I have
which was plotted from
import pandas as pd
from plotnine import ggplot, aes, after_stat, geom_bar, geom_label
def combine(counts: pd.Series, percentages: pd.Series):
fmt = "{} ({}%)".format
return [
fmt(c, round(p))
for c, p
in zip(counts, percentages, strict=True)
]
d = {
'cat': [*(2200 * ['cat1']), *(180 * ['cat2']), *(490 * ['cat3'])],
'subcat': [
*(2200 * ['subcat1']),
*(150 * ['subcat2']),
*(30 * ['subcat3']),
*(40 * ['subcat4']),
*(450 * ['subcat5'])
]
}
df = pd.DataFrame(d)
cats = (
ggplot(df, aes('cat', fill='subcat'))
+ geom_bar()
+ geom_label(
aes(label=after_stat('combine(count, count / sum(count) * 100)')),
stat='count',
position='stack'
)
)
cats.save('cats.png')
The combine
function was modified from the original in Show counts and percentages for bar plots.
The label for subcat4 is partially covered by the one for subcat5, making its count and percentage unreadable.
How can a label be hidden or, better yet, simply not plotted if its count is too small?
I tried
...
fmt(c, round(p)) if p > 5 else (None, None)
...
but that just makes the labels with percentages lower than or equal to 5% say “(None, None).”
Using position='fill'
for both geom_bar
and geom_label
is not really a solution either because the problem persists for sufficiently small counts (e.g., if the count for subcat4 is 10).
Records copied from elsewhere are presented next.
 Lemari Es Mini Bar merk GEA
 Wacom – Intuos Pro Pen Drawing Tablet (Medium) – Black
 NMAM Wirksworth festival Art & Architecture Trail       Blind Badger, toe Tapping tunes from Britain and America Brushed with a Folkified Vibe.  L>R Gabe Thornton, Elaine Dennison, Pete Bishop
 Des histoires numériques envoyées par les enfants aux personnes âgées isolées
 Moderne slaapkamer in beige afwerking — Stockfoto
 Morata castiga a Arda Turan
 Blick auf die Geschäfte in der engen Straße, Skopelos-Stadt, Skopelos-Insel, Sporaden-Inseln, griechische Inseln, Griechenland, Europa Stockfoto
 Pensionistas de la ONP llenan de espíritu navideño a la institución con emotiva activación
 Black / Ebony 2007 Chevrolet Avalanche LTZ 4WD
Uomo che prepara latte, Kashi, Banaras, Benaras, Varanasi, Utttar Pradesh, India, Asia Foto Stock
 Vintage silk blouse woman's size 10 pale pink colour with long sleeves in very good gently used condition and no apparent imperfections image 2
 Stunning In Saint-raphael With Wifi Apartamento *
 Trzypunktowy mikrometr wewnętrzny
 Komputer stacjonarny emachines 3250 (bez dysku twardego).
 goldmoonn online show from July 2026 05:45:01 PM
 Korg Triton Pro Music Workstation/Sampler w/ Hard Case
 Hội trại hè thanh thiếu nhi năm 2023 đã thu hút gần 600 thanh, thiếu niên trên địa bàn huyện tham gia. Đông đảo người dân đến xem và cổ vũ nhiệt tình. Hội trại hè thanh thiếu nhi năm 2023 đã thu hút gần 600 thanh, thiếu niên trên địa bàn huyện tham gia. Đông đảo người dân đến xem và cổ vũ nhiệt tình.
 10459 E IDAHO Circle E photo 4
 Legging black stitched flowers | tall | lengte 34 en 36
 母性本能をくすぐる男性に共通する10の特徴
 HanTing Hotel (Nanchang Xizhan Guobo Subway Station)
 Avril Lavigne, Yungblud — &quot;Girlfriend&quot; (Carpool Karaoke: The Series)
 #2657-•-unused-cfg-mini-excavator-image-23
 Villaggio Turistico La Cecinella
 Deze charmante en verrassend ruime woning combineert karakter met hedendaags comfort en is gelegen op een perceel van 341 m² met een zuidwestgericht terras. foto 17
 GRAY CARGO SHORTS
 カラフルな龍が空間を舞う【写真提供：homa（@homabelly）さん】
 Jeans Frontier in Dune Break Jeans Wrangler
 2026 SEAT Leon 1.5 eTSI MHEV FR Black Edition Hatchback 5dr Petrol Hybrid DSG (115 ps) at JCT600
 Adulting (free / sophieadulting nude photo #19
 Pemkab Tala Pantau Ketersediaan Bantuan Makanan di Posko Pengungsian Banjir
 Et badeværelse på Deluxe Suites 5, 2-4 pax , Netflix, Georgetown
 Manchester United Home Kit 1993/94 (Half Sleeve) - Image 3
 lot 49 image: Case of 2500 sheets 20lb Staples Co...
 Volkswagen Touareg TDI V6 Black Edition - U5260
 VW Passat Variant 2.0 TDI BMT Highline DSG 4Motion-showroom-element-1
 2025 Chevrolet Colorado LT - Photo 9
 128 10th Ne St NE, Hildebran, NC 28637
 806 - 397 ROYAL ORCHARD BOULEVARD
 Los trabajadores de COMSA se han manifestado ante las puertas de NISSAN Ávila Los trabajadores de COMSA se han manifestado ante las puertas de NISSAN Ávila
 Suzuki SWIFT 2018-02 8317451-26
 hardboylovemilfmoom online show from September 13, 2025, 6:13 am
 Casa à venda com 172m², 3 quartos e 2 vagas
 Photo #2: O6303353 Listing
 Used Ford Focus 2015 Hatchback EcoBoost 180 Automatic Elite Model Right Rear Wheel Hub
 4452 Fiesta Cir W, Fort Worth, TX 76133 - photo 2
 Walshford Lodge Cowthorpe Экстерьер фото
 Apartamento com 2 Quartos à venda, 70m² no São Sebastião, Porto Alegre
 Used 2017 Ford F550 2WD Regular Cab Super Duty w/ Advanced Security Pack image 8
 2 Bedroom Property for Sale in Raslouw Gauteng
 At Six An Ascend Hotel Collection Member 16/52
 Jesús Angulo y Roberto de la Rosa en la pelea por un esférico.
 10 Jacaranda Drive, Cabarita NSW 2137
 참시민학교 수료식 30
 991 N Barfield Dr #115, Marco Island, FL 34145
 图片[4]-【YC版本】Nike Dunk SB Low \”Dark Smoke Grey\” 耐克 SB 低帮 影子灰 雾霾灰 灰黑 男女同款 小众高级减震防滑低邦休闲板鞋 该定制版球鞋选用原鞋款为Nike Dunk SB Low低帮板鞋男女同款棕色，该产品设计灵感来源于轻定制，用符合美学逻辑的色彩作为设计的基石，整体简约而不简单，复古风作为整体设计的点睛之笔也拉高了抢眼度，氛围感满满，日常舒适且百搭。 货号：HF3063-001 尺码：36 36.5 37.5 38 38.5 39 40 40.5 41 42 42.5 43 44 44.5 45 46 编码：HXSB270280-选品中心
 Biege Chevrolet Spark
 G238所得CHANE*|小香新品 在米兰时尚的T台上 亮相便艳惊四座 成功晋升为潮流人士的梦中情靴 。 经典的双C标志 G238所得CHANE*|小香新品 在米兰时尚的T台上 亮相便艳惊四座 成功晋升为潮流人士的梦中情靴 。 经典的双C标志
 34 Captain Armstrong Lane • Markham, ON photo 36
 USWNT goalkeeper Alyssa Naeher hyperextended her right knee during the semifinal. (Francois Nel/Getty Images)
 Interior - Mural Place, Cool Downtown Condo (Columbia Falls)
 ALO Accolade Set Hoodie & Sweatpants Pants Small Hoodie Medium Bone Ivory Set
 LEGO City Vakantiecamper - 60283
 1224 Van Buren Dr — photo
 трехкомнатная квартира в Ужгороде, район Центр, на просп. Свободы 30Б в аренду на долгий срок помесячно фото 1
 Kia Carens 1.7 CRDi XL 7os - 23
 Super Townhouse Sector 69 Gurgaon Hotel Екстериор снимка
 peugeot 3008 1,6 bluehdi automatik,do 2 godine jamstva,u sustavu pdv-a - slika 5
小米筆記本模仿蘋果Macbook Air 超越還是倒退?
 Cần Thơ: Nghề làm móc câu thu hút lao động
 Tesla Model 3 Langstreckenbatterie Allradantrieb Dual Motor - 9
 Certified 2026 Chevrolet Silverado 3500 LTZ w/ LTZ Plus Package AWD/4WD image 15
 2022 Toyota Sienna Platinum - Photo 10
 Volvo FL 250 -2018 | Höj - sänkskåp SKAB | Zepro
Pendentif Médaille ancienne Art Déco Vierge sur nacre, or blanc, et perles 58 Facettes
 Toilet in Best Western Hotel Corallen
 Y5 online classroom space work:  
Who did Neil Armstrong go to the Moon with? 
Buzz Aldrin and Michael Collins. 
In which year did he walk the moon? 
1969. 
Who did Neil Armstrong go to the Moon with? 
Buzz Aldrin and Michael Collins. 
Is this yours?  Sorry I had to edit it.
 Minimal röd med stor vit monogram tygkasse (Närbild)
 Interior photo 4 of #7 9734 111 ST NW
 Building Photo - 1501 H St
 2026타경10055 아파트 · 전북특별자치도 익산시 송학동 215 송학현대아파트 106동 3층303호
And I also want to preserve proportionality of subcategories across all categories, which is lost with position='fill'
.
The end goal, really, is to just not have labels overlap, so other approaches—other than hiding them—are acceptable too. (I thought of “dodging” labels vertically on the y-axis, but I don’t think that’s possible.)
You may modify the combine
function to return an empty string ''
instead of (None, None)
like this:
def combine(counts: pd.Series, percentages: pd.Series):
fmt = "{} ({}%)".format
return [
fmt(c, round(p)) if p > 5 else ''
for c, p
in zip(counts, percentages, strict=True)
]